Writing in the context of preceding comment. Landlords increase prices as much as they're able, they don't decline to increase when they could to maintain some fixed margin. I'm not saying they're generally unable to rise prices in general, but that they have no special additional capacity to raise prices in response to land taxes.
"but that they have no special additional capacity to raise prices in response to land taxes."

How so? If all landlords now have a significant new cost, why would they not raise rent to cover it?

This seems to say they cover 80-90% of tax increases through rent increases. And commercial properties should be more competitive.

https://mitcre.mit.edu/news/blog/can-landlords-really-pass-h...

Because of competition. They can't all conspire together to price fix (or if they do they could be arrested).
Writing in context of preceding comment, which seemed to be predicated on them having a special capacity to raise prices in response to land taxes.

I did wonder briefly if a land tax might decrease competition => higher prices, but then I recalled that the supply of land is fixed.

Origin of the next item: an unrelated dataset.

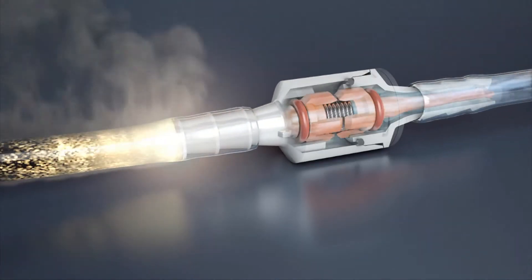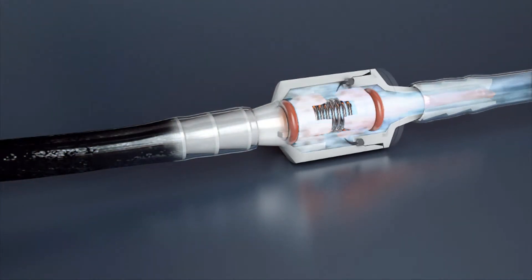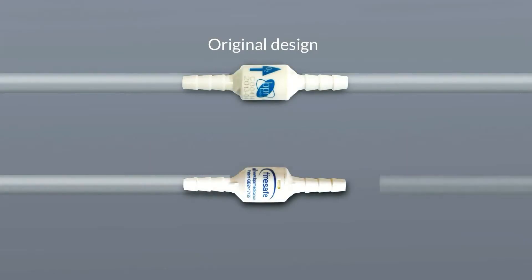Original fire brakes must be installed in the correct orientation. An arrow indicates the direction of oxygen flow. The new fire brake design is bi-directional, comprising two valves, and can be installed either way around.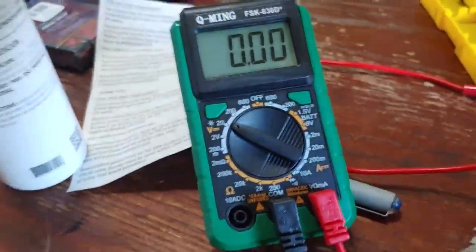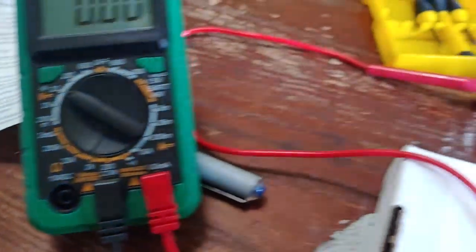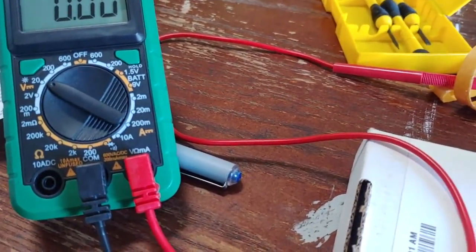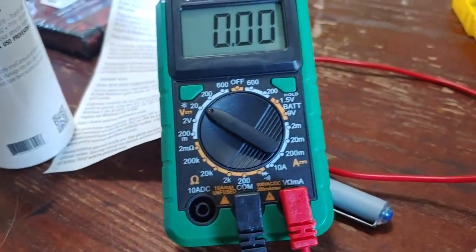Right now, hold on. This one's the shit one, get it out of here. That one's dying. Alright, and then just for proof of concept, here's that same red laser on there. Nothing.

If it's s limited resource which people require (shelters), the price (rent) will be quite elastic. There will still be competition if the taxes go up. Competition is what prevents the price from rising unnecessary. The floor for all the competitors went up because taxes went up and they all want to stay profitable. They aren't going to take loss, so they raise rent to cover it. Buying won't look very attractive either because the tax increase raises those costs, and if it's as significant as they other poster wanted (to affect rich people) then it will likely exceed the $10k SALT deduction limit.

This SALT deduction is part of how they penalize landlords already, which is just passed on in the rent payments. This is part of the reason renting is more expensive than buying (comparing just monthly payments), in addition to management fees, profit, and repair/renovation reserves.